GETRF in Hybrid mode & Native mode

19 views
Skip to first unread message

aran nokan

unread,
Nov 24, 2020, 9:04:44 AM11/24/20
to MAGMA User

Hi,

I have some questions about GETRF. It seems that inside of the GETRF we have two mode to performe the algorithm, Hybrid and Native mode which is completly runnig inside of GPU.

magma_int_t magma_dgetrf
( magma_int_t  m,
magma_int_t  n, double *  A, magma_int_t  ,lda, magma_int_t *  ipiv, magma_int_t *  info  )

From another side we can provide the memory for Original matrix (double *  A) input in two diferent type. Device memory and Pinned memory.

Is it make sense to use pinned memory for Native mode?
Which type of the memory should be used in Native mode? and which type for hybrid?
When we are using Native mode and when Hybrid?

What about the no_pivoting version?

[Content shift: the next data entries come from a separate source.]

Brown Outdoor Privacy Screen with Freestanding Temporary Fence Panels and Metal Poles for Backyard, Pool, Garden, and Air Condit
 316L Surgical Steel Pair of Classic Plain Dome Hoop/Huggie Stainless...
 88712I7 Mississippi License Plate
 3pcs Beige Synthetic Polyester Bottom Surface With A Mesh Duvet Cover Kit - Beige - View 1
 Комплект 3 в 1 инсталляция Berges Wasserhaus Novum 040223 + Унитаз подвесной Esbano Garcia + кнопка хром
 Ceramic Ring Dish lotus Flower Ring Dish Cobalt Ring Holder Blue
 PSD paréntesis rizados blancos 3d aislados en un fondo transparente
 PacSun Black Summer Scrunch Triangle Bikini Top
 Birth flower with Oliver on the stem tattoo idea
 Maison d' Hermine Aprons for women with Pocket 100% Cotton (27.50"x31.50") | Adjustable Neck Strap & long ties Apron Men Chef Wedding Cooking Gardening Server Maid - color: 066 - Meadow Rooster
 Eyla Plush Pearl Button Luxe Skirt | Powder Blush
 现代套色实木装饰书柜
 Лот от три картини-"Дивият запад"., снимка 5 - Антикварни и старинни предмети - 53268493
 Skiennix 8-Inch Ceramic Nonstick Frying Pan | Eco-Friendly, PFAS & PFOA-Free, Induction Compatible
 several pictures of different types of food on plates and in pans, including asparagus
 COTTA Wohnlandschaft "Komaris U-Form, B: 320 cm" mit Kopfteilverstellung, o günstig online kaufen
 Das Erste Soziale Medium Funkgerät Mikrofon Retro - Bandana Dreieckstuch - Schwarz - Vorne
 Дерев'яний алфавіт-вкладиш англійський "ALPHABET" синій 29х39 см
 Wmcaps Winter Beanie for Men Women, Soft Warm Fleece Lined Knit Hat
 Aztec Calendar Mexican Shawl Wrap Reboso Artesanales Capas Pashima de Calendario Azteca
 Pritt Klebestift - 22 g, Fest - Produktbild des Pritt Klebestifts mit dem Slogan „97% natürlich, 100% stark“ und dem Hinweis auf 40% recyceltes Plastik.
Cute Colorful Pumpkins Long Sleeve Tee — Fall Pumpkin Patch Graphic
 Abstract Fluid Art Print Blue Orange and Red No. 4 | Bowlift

Here just we have hybrid mode?

Best regards,
Aran

Ahmad Abdelfattah

unread,
Nov 24, 2020, 9:29:14 AM11/24/20
to aran nokan, MAGMA User
Hi Aran, 

  • magma_dgetrf is a hybrid routine. It assumes that the input matrix is in the CPU memory. Pinned memory is recommended for this routine, because it allows faster data copies across the CPU-GPU interconnect. 
  • magma_dgetrf_gpu is a hybrid routine. It assumes that the input matrix is in the GPU memory. Internally, it allocates pinned memory workspaces on the CPU. As a user, you just need to allocate the matrix on the GPU memory. 
  • magma_dgetrf_native uses the GPU only for performing the factorization. It assumes that the input matrix is in the GPU memory. You cannot pass pinned memory pointers to this routine. 
  • All of the three routines assume that the pivot vector is in the CPU memory. 

So, coming to your questions. 

Is it make sense to use pinned memory for Native mode? 

No. Native routines accept GPU pointers only. 

Which type of the memory should be used in Native mode? and which type for hybrid?

Native —> GPU memory
Hybrid without the “_gpu” suffix —> CPU memory, preferably pinned
Hybrid with the “_gpu” suffix —> GPU memory

When we are using Native mode and when Hybrid?


That really depend on your system configuration, and the size of your matrix. Hybrid routines perform best when you have a high-end CPU with optimized LAPACK software (e.g. a recent Intel CPU with MKL). Native routines are independent from the CPU. They don’t use it in any computational workload. Native routines can perform better than hybrid routines on small matrices, regardless of the system configuration. 

What about the no_pivoting version? Here just we have hybrid mode? 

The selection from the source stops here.